Experimental study of cohesive sediment consolidation and resuspension identifies approaches for coastal restoration: Lake Lery, Louisiana

Abstract

The purpose of this study was to evaluate related processes of sediment consolidation and resuspension in a coastal basin and how these processes influence retention of fine sediment delivered by a river diversion. Sediment samples were collected from Lake Lery, a coastal receiving basin of the Caernarvon Diversion from the Mississippi River, Louisiana. Consolidation was tested for six initial sediment concentrations (14.0–105 kg m–3) in a settling column over 15-day periods. Mud erodibility was tested at seven shear stress regimes (0.01–0.60 Pa) using a dual-core Gust erosion microcosm system, on cores containing suspensions that consolidated for 1, 2, and 4 weeks. Consolidation rates were found to be inversely and exponentially related to initial suspension concentration, over concentrations ranging from fluid mud (10–200 kg m–3) to hydraulic dredge effluent.

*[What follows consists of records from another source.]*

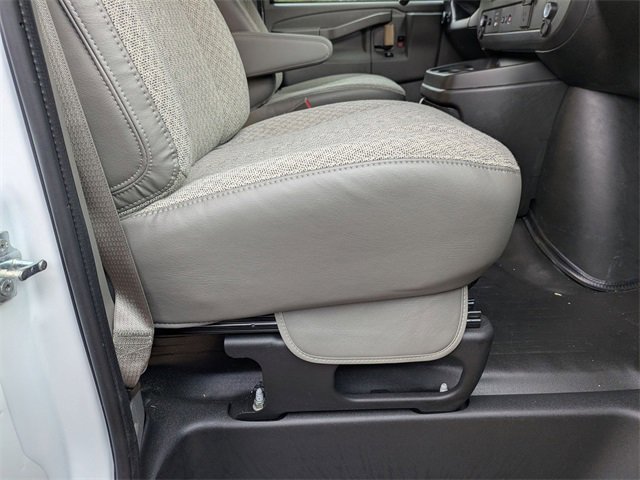 New 2025 Chevrolet Express 3500 w/ Power Convenience Package image 22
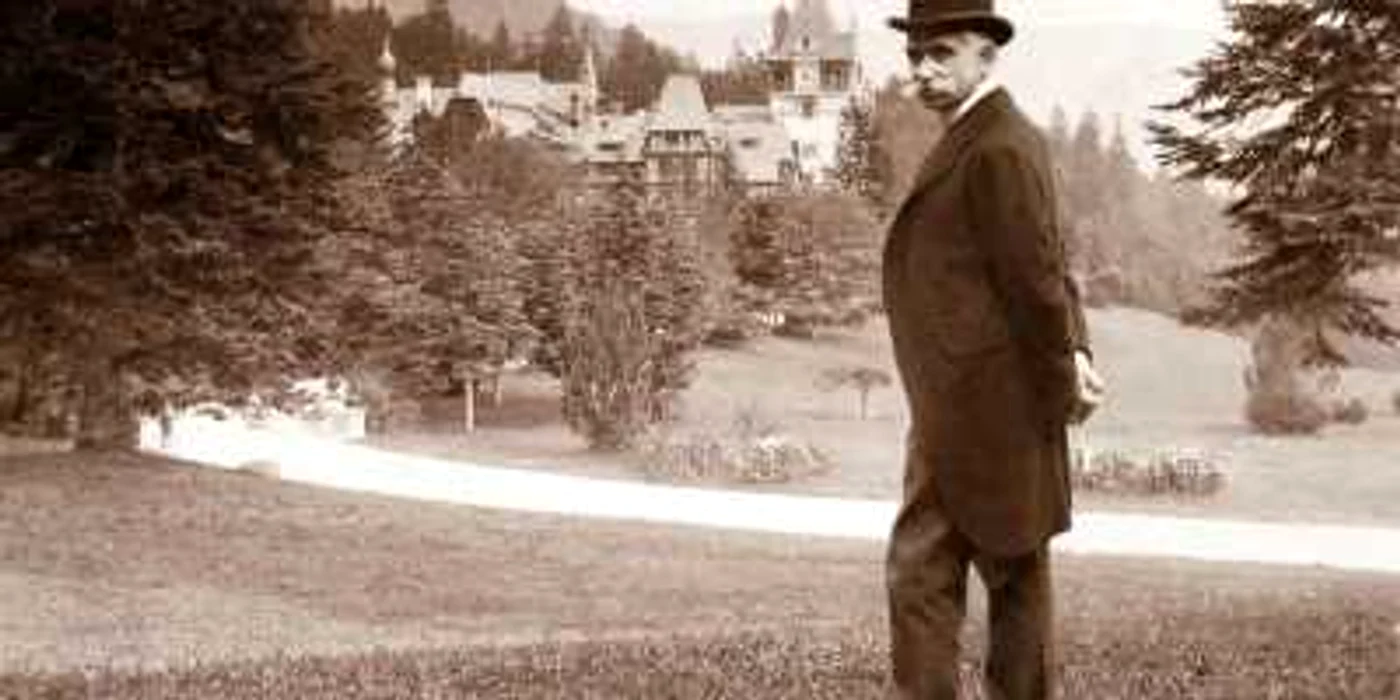 Karel Liman, arhitectul care a desăvârşit Castelul Peleş, vizibil în fundal. FOTO karelliman.com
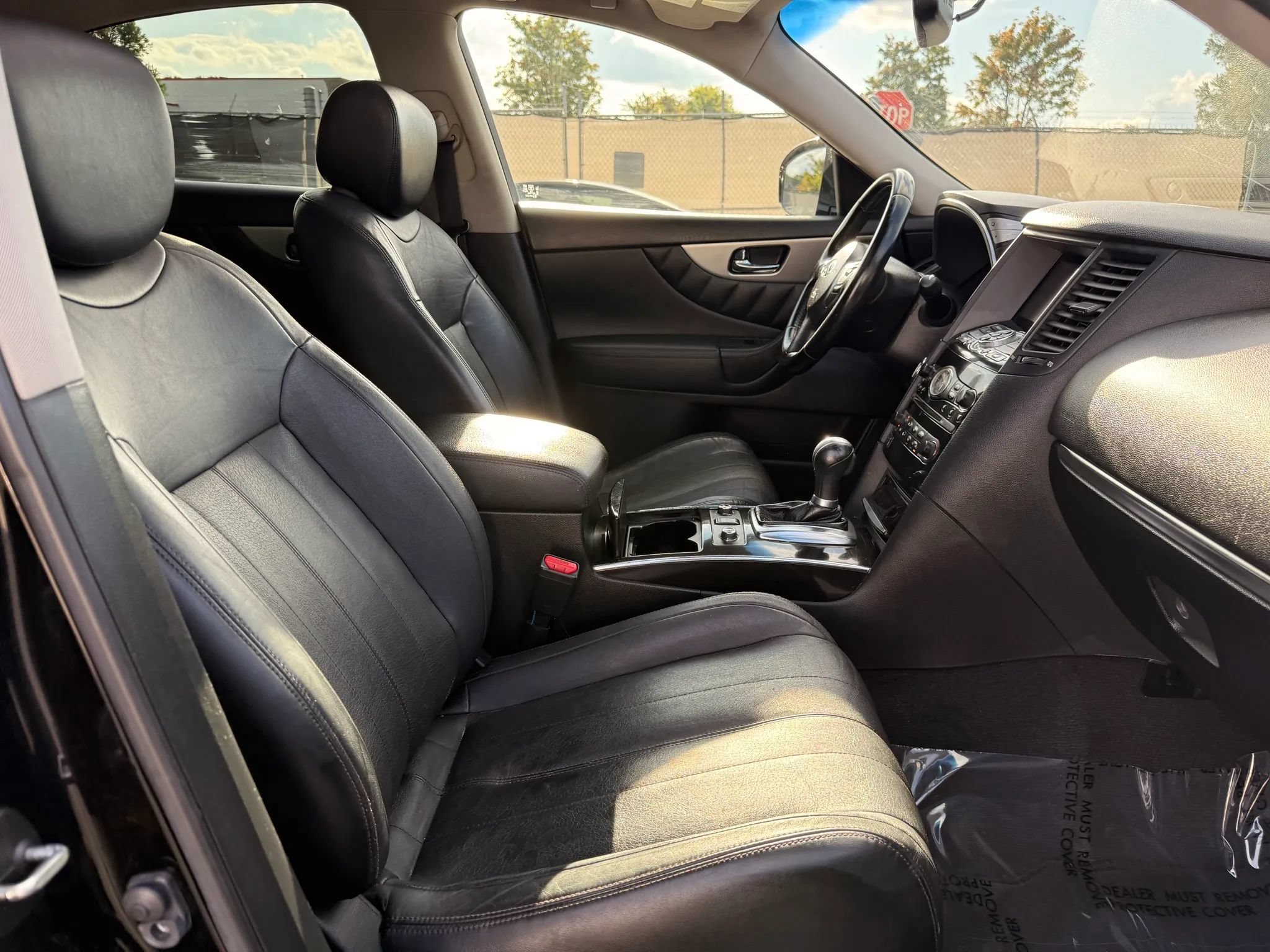Used 2017 INFINITI QX70 AWD image 18
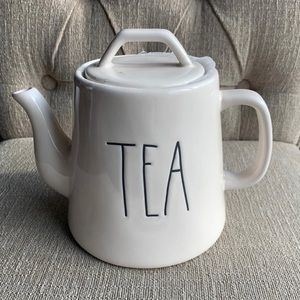 New Rae Dunn teapot
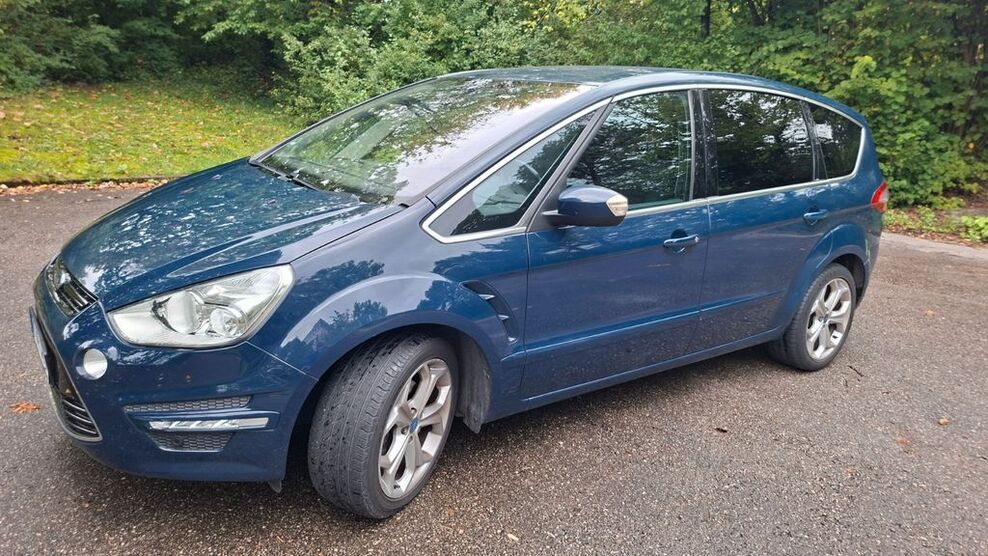 Ford S-Max 198.000 km 5.950 € München 81829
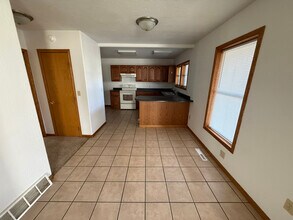 403 W 3rd St in Sanborn, IA - Building Photo - Building Photo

Consolidation is best predicted by a function consisting of two exponential terms and one asymptotic constant, describing rates of rapid initial and slower subsequent settling. Coupled resuspension and consolidation tests (concentrations of 20–21 kg m–3) show that shear stresses generating the highest turbidity peaks increase from ≤0.30 Pa after 2 weeks of consolidation to ≥0.45 Pa after 4 weeks, and this strengthening cannot be attributed solely to increasing sediment concentration over time. Comparison of measured erosion shear stresses with bed shear stresses typical of coastal lakes and bays suggests that this degree of strengthening, if given time to occur, could increase the overall retention of fine sediments deposited on lake and bay floors.